FL Basics
Before we discuss Federated Learning (FL) in detail, let’s recall how classic centralized machine learning (ML) works.
Classic Machine Learning
( The pink/purple model color symbolizes different data sources used during training. )
Federated Learning Overview
Naming Conventions
In FL, the server is frequently called an aggregator, and clients are called learners. Using the terms server and client in FL is still common. We use various components, including non-FL servers and clients. Thus, we prefer to highlight FL components using aggregators and learners.
Did you know?
Most ML models (especially DNNs) consist of two parts.
The first part is (usually) a static lightweight model architecture. It includes layer specification, training configuration, and hyperparameters like learning step sizes, loss, and activation functions.

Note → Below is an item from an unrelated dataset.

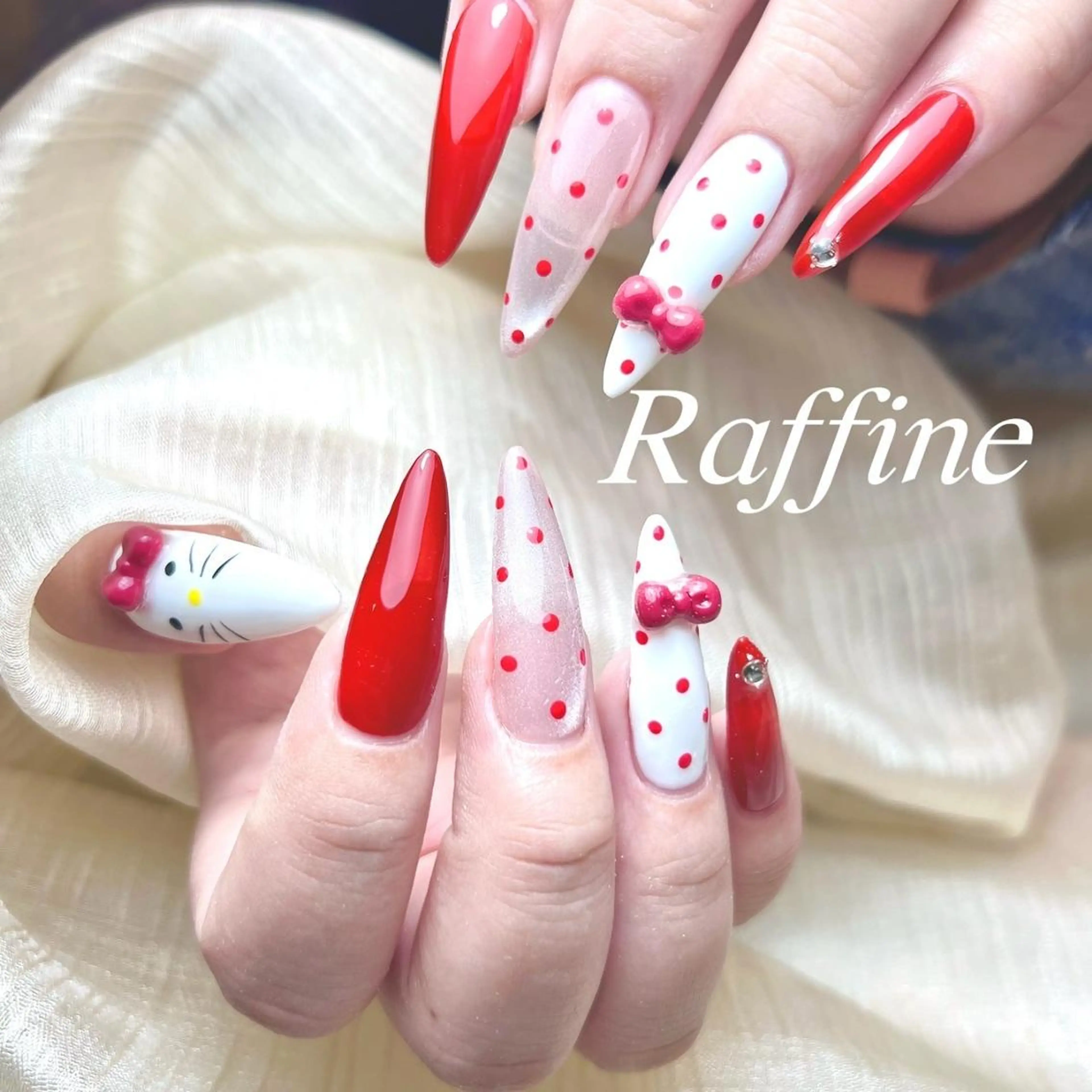 ネイル RAFFINE haru🦋🩵のネイルデザイン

Model architecture is typically static and lightweight in classic ML/FL.
The second dynamic part is model weights and biases that get changed/optimized during training. They allow the model to fulfill its intended use, such as prediction, inference, or generation tasks. These weights and biases significantly contribute to a trained model’s overall size (space utilization).
The learners extract their model parameters and sent them to the aggregator. The aggregator now has access to these parameters but not the sensitive data used to train them. That is how FL can profit from sensitive data while maintaining its privacy.
The FL training loop could terminate, and the learners or servers could use their global model copy for inference. Otherwise, another FL training cycle begins. There can be arbitrarily many FL cycles, similar to conventional training rounds in classic ML. FL training eventually terminates due to time/resource constraints or a failure to reach a satisfying performance.